十二巻は西都編の最終巻です。
一巻から積み上げてきた「猫猫と壬氏の関係」が、この巻でようやく動きます。動き方が猫猫らしくて、「根負けしてやる」という言葉で決着がつく。ロマンティックかと言われるとそうではないのですが、これ以上猫猫らしい受け入れ方はないとも思います。
雀の正体が明かされる
「お調子者の護衛」として描かれてきた雀に、重い過去と本当の立場があったことが十二巻で明かされます。
軽い調子で場を和ませてきたあの雀が、何かを抱えながらずっと動いていた。その経緯が語られる場面は、猫猫に重い言葉として刺さります。お調子者のキャラが「仮面」だったとわかる瞬間は、四巻の子翠と似た構造です。この作品は明るい人物ほど、内側に何かを抱えている。
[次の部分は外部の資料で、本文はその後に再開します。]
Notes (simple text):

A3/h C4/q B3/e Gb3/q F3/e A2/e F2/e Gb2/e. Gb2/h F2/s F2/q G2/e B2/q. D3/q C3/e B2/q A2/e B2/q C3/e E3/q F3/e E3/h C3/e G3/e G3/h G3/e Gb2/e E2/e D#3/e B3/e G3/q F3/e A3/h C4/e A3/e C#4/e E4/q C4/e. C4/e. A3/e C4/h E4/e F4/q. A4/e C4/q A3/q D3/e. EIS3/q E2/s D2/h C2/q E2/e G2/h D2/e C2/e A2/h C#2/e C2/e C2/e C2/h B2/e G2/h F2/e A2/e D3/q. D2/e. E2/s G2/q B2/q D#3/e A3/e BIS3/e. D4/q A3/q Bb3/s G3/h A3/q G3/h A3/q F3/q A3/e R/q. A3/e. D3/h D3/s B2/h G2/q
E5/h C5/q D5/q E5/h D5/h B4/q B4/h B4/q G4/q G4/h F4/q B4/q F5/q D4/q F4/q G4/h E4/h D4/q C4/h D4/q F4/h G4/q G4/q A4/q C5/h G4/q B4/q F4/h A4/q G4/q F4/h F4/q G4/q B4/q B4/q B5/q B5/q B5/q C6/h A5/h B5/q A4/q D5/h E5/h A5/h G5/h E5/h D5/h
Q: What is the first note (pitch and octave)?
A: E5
雀が猫猫に言います。「あんたは運がいい。相手がやたらしつこくてねちっこくて諦めが悪い人で、なおかつ——あんたが根負けしてやるって思った程度にいい人で」と。
この言葉が猫猫を動かします。
猫猫が根負けする
一巻から延々と「面倒くさい」と距離を取り続けてきた猫猫が、壬氏への態度を変える決断をします。
「根負けしてやる」という言い方が、猫猫以外には絶対に出てこない受け入れ方です。「好き」とも「認めた」とも言わない。ただ「負けてやった」と言う。でも読者はそれが「認めた」ということだとわかる。七巻でプロポーズされ、八巻で焼き印を押され、九巻でくすぐられ壁ドンされ、それでもずっと動かなかった猫猫が、雀の言葉で動いた。壬氏の行動ではなく、第三者の言葉で。そこも猫猫らしいと思います。
猫猫の雲隠れ旅
玉鶯の後継者争いに巻き込まれた猫猫が、しばらく表舞台から姿を消す「雲隠れ旅」に出ます。護衛役の鏢師と共に、ひっそりと旅をする期間です。
外から関わる問題を解決し続けてきた猫猫が、自分の内側と向き合う時間を持つ巻でもあります。西都という大きな舞台を経て、猫猫が少し変わっていく。その変化がこの旅の中で静かに積み重なります。
まとめ
小説版十二巻のネタバレをまとめると、以下のとおりです。
- 玉鶯の後処理として壬氏が西都の政務を担い、猫猫は傍で支える
- 雀の正体と壮絶な過去が明かされる
- 雀の言葉を受けて、猫猫が壬氏への態度を変える決断をする
- 猫猫が玉鶯の後継者争いを避けるため「雲隠れ旅」に出る
- 西都編が締めくくられ、都への帰還へ
壬氏が喜びすぎないことを願いたいところですが、おそらく盛大に喜んだと思われます。九巻から続いた西都編は重い話が多かったですが、この「根負けしてやる」という決着が、読後感を温かいものにしてくれます。